# TASK TO COMPLETE
Please return exactly the lines from the top of the data through the line that contains "Greitai džiūstantys batai", and skip all pictures.

[Image-text web data]
►

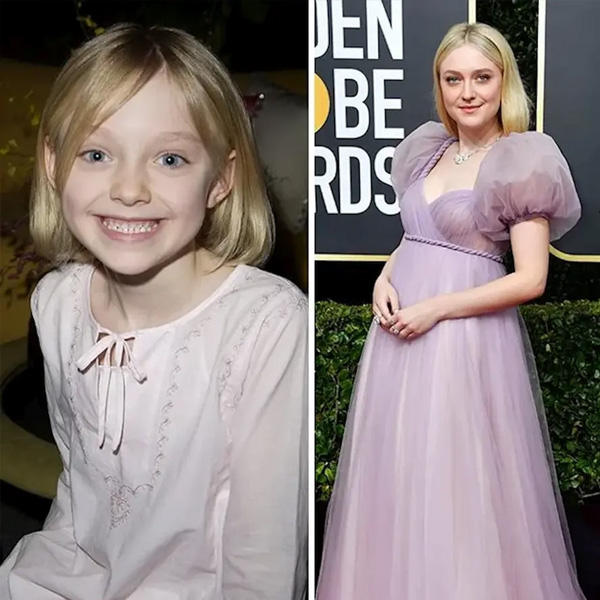 los niños de los friends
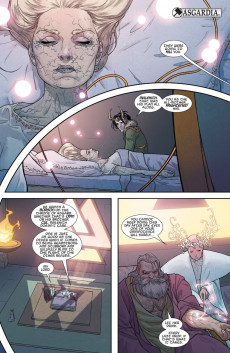 Extrait de Thor (The Mighty) Vol.3 (2016) -9- The Agger Imperative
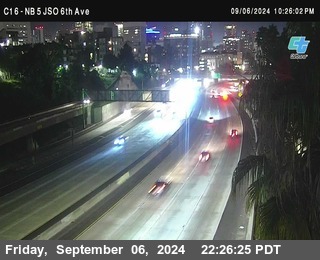 NB 5 JSO 6th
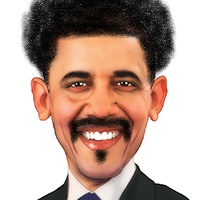 Brock Obama's user avatar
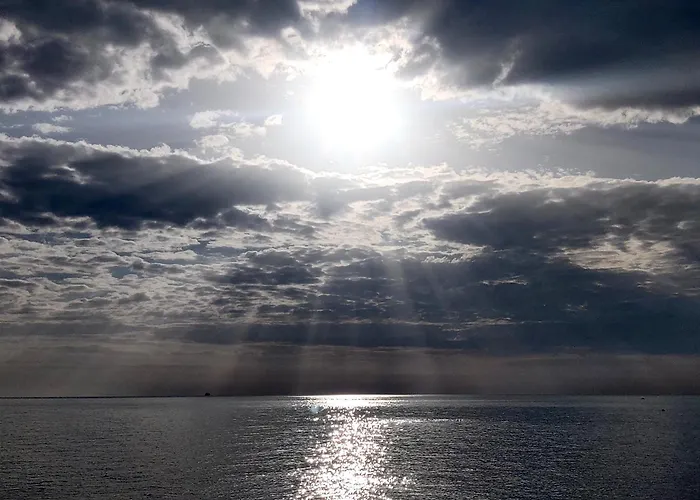 Salty Soul Sea View Ortigia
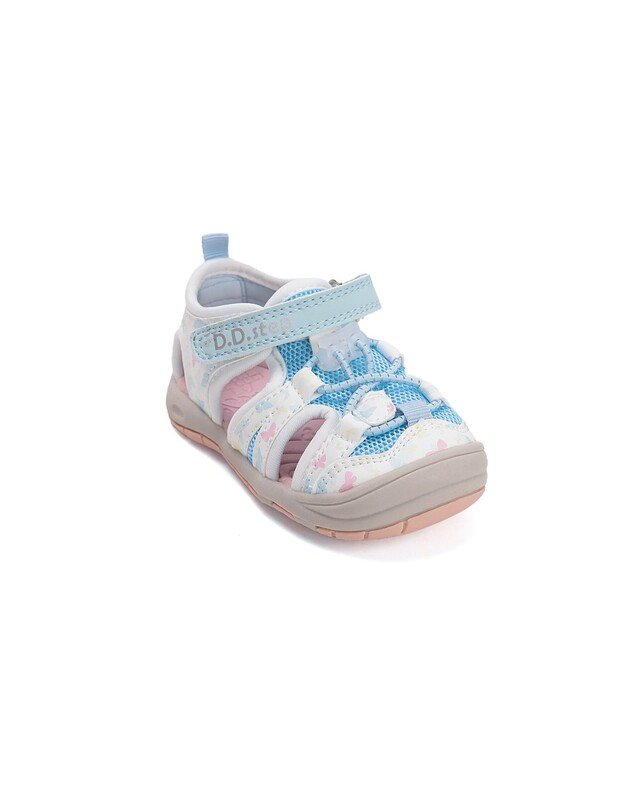 Greitai džiūstantys batai  Quick dry  20-25 d. G065-61146F 6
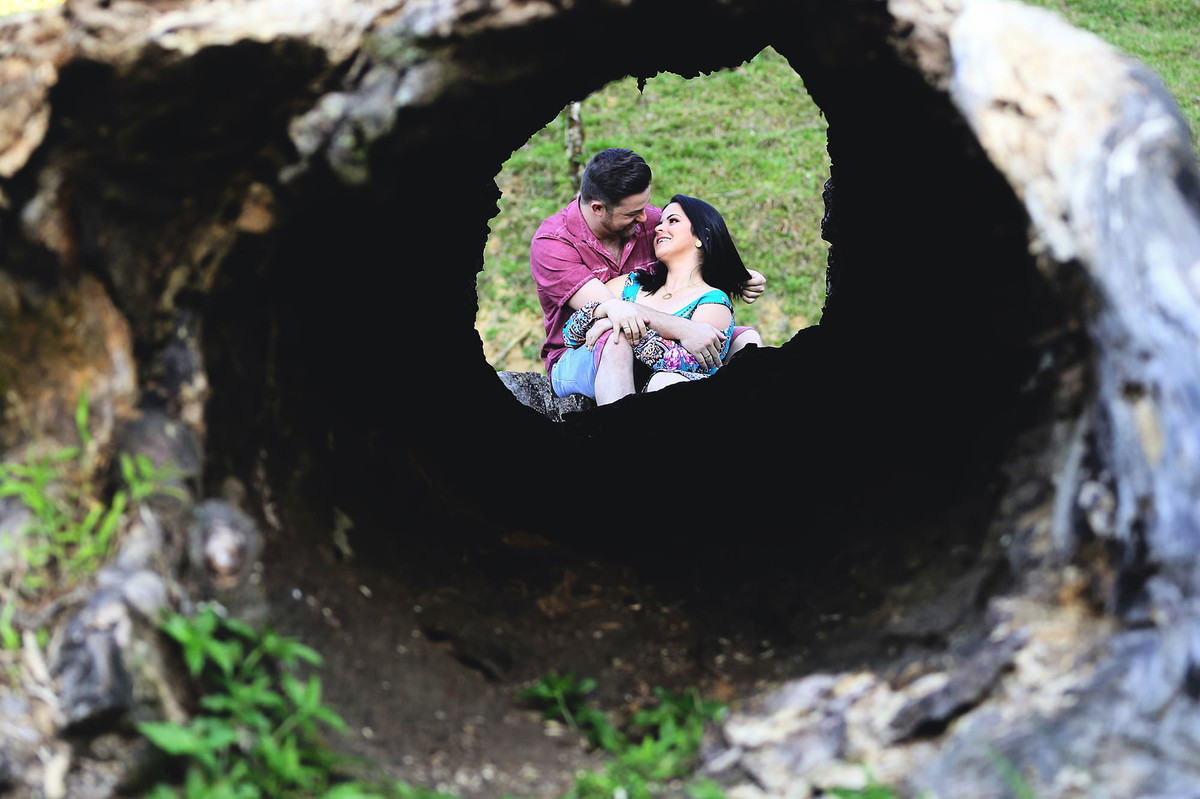 ensaio pré casamento - Lucimar _ Jaison - Ensaio casal - fotografos de jaraguá do sul - ensaio na pousada rio manso - chroma fotografia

◄

# EXPECTED OUTPUT
 los niños de los friends
 Extrait de Thor (The Mighty) Vol.3 (2016) -9- The Agger Imperative
 NB 5 JSO 6th
 Brock Obama's user avatar
 Salty Soul Sea View Ortigia
 Greitai džiūstantys batai  Quick dry  20-25 d. G065-61146F 6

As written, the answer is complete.